Task to carry out: In the material below, find the line with "So the exercises, I" and the line with "So here it is, Beanie", then output both and every line between them exactly, omitting pictures.

━━━━━━━━

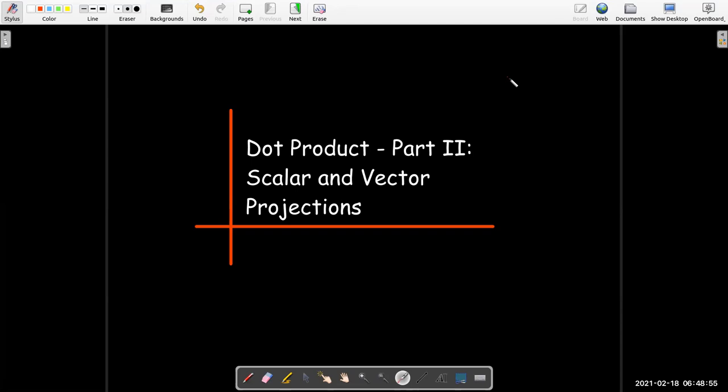Hi, in this short video I'm bringing you part two in our series on the dot product: scalar and vector projections.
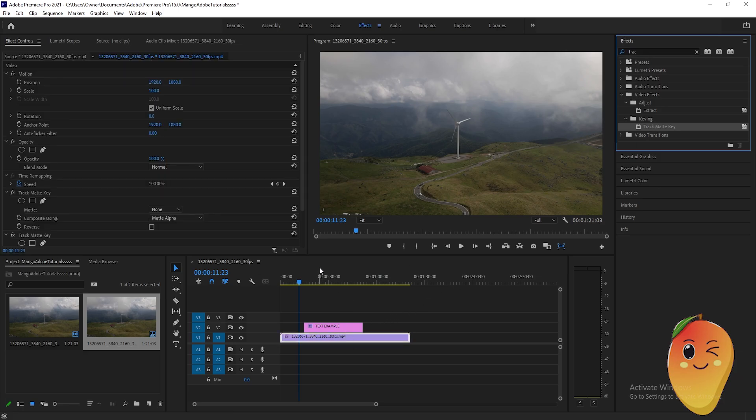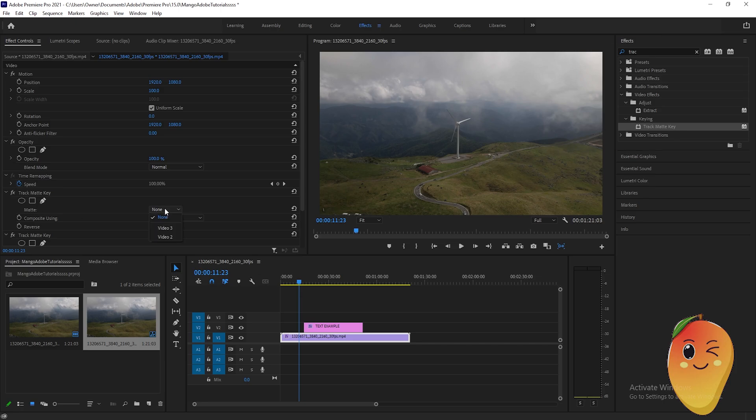After that we will go to the effects controls tab. Find the matte here, track matte key, find the matte here. Then click this none button and click where the text example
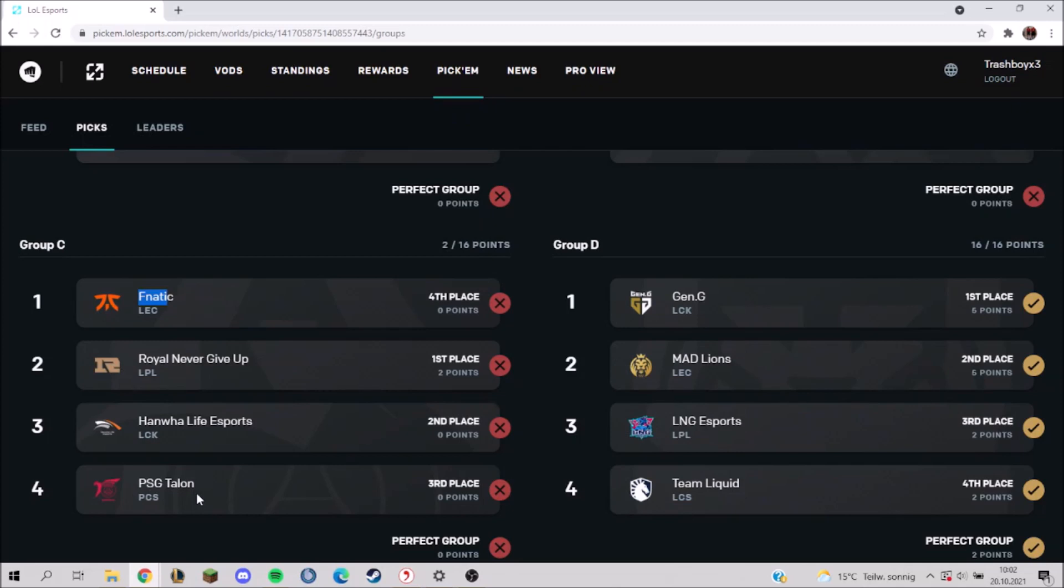But after the groups, you're always smarter than before the group. And Group D - nothing to say about this, perfect group. Gen.G over Mad Lions over LNG over Team Liquid. And even though this was a close group, my prediction was perfect.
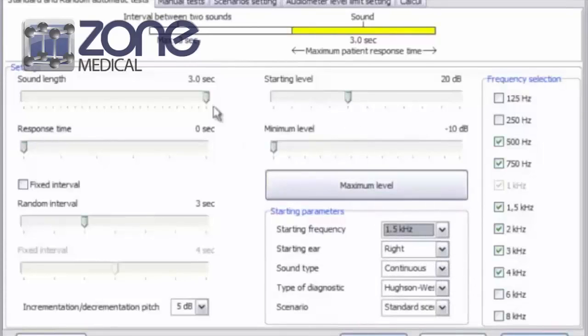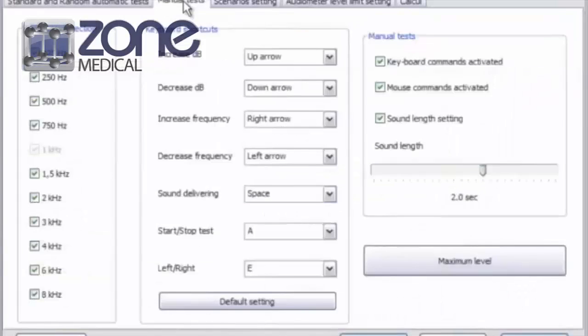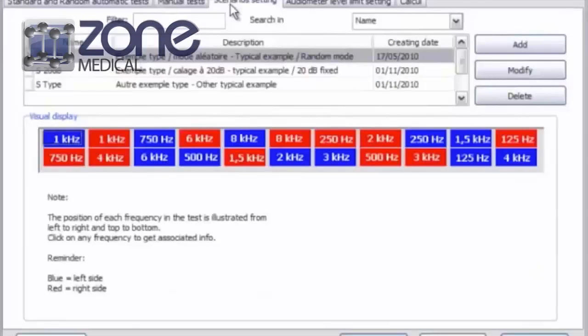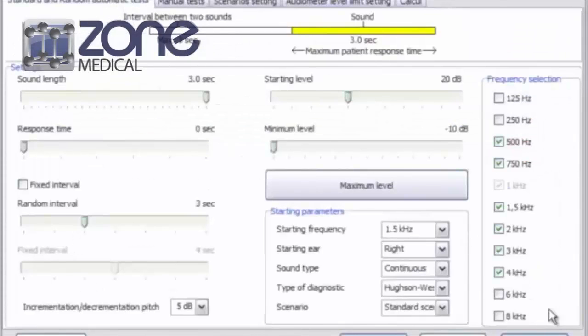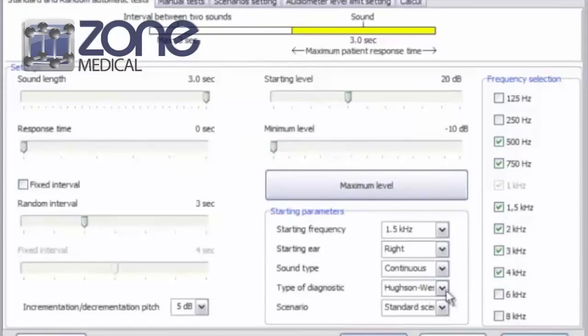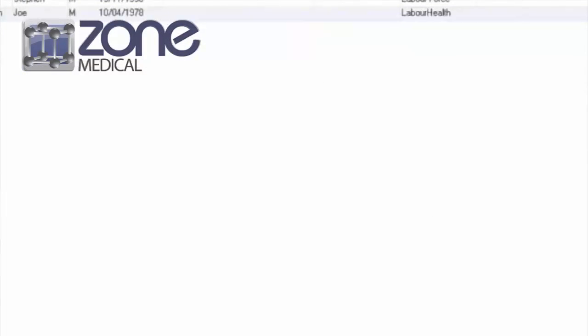For manual tests, if you go to the top of the page, you can adjust settings here. You can also change the scenario settings on this page. These adjustments can be made easily to match your preferences. Once you're finished, just click OK to accept those changes.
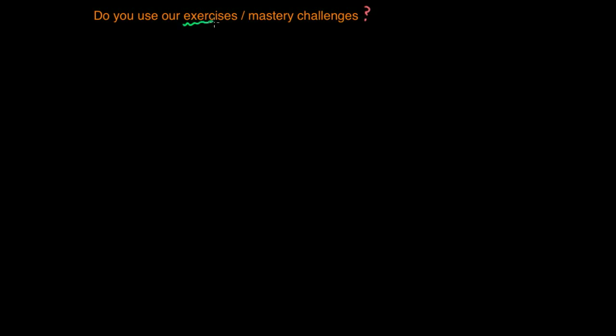So the exercises, I guess my answer is some. And really, I would like to do much more.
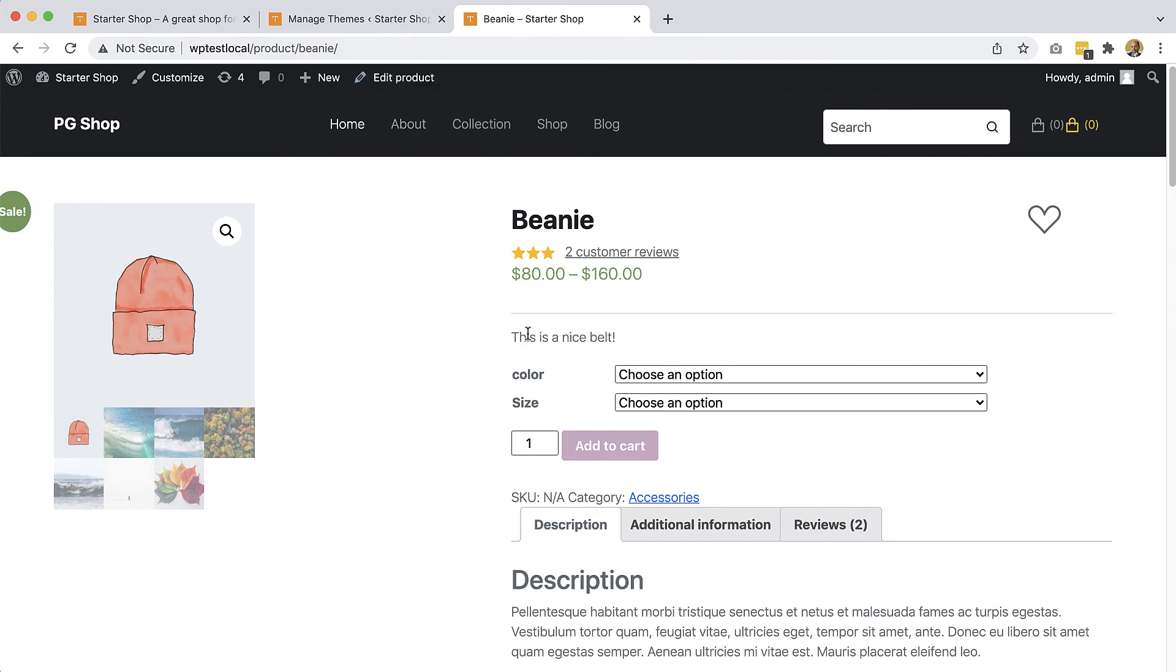So here it is, Beanie has it and it says this is a nice belt and it has the line on top.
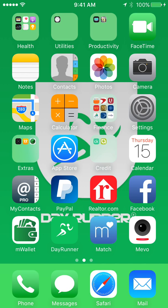Good morning guys, Marvin Walker, CEO of Dayrunner here. Today I'm going to give you an overview of the Dayrunner app and what it looks like when you schedule a booking as a customer.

━━━━━━━━

Completed exercise:
So the exercises, I guess my answer is some. And really, I would like to do much more.
So here it is, Beanie has it and it says this is a nice belt and it has the line on top.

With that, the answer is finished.